Dockless bike-sharing systems are expanding their markets across China and have become highly popular in the cities in which they operate. Despite the large number of shared bikes, it is important to take into account whether these systems promote the equity of bike-sharing access to all potential users, including those disadvantaged groups with limitations in approaching other transport modes (such as public transport and automobiles). Studies on docked bike-sharing systems have revealed a lower access to the service among traditionally disadvantaged groups (e.g. Hosford & Winters, Citation2018). Although to the authors' knowledge there are few empirical studies on whether individuals across all social spectrums have equal access to dockless bike-sharing systems thus far, concerns have been raised that dockless bike-sharing systems have (un)intentionally targeted to specific areas or socio-demographical groups. As the deregulation and uncertainty of dockless bike-sharing systems lead to the appearance of shared bikes in more relatively remote areas, many operating companies (e.g. Lime, Mobike) have used geofencing to set up their own designated operating areas in which users can pick up and drop off bicycles for better management (Zhang, Citation2018). Therefore, the spatial equality of dockless bike-sharing services relies also on the consideration of operating areas, similar to docked bike-sharing schemes whose equal access in divergent areas falls largely on the shoulders of the pre-site selection of dock locations. Although the operating areas in one city for different dockless bike-sharing companies can vary, this strategy can still contribute to an unequal accessibility of dockless shared bikes inside and outside the operating areas. However, compared with the placement of new docking stations for docked systems, dockless bike-sharing have the benefit of feasibly update the designated operating areas in their mobile application backend system.

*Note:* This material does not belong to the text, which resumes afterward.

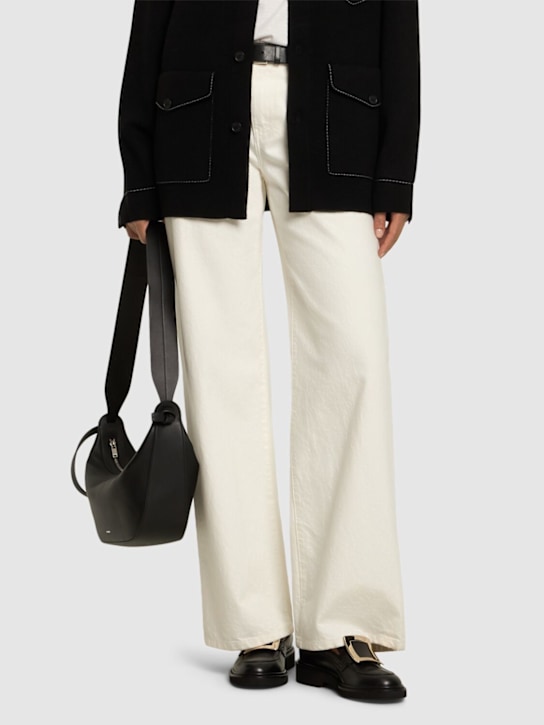 Roger Vivier: 25mm Viv Rangers leather loafers - women_1 | Luisa Via Roma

As discussed, the venture capital funding of dockless bike-sharing systems often results in a large number of shared bike operators providing a similar service within a given area (Gu et al., Citation2019). The saved expenditure for dockless bike-sharing systems on building docking stations ensures a lower cost per bike, allowing users to have more access per capita compared to docked systems. On the one hand, the large amount of available bikes in the systems might be adequate to achieve a baseline for universal access (Mooney et al., Citation2019). On the other hand, however, the “privatization” of the system can result in increased segregation between “hot” zones, where the users are concentrated and the demand is high, and “cold” spaces such as suburbs or peripheral areas, thus resembling the organisation of some public transport companies (Jaramillo, Lizárraga, & Grindlay, Citation2012). Thus, the redistribution of dockless shared bikes among the “hot” and “cold” zones within the operating areas can be important for reaching an equal access to shared bikes. However, there is currently a general lack of appropriate redistribution efforts by private operators, with bikes sometimes inundating popular areas in cities (Shi et al., Citation2018; Spinney & Lin, Citation2018).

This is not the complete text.